From the very beginning, "Citizen Kane" draws you in. The great newspaper tycoon, Charles Foster Kane, dies a lonely man in his expensive mansion. His dying breath is expelled with one word: "Rosebud". What does Rosebud mean? Is it a woman that Kane loved? The rest of the film unfolds in interviews and flashbacks, telling us the life story of Kane and giving us an insight on not only what makes this man tick, but what Rosebud really means.
Do I really need to go on about why "Citizen Kane" is amazing? I don't think I do. Although it was trashed back when it was released due to problems with William Randolph Hurst (whom it was based on), it has constantly been touted as the greatest film of all time for decades now. Why is that? Well, for one thing, it is much like King Kong in that it pioneered a bunch of different techniques. Before "Citizen Kane," you just didn't see the camera moving around as much as it did in Kane. In most movies you had a static camera that would simply show the action. In "Citizen Kane" the camera itself produces mood and drama. Who can forget the shot through the snow globe? And let's not forget the use of shadows. This film is just a marvel to look at. The soundtrack is also exceptional. Bernard Herrmann is simply one of the greatest movie composers of all time, and this is his first film score.
Plus the acting is great. Orson Welles is, of course, fantastic. I find him to be one of the most charismatic actors ever. He just has an air of coolness taht few match. I am always humbled by the power of his work.
Plus, I just find the story engrossing. It starts by sucking you in with new reports, telling you of the ups and downs of the life of Charles Foster Kane.
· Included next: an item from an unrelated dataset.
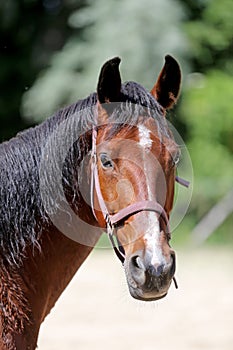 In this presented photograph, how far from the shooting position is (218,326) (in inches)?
280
You want to hear more about this monumental figure, and are intrigued from the very start. From there the movie unfolds in flashbacks and such, filling in the gaps of the story as it goes along. It's not in chronological order, but banks on the idea that the audience members can fill on the blanks in their own. This was also quite a novel idea back then which has, obviously, become a recurring technique in modern cinema.
Although it's not my favorite film, it's hard to argue with the idea that "Citizen Kane" is the greatest film of all time. I'd probably say that "Citizen Kane" and "King Kong" are the perfect bookends of the title Greatest Film of All Time. One is drama, one is fantasy. Both were huge innovators and pioneered new techniques that would change the art of cinema forever. But most of all, both are terrific, timeless films and are masterpieces of American cinema.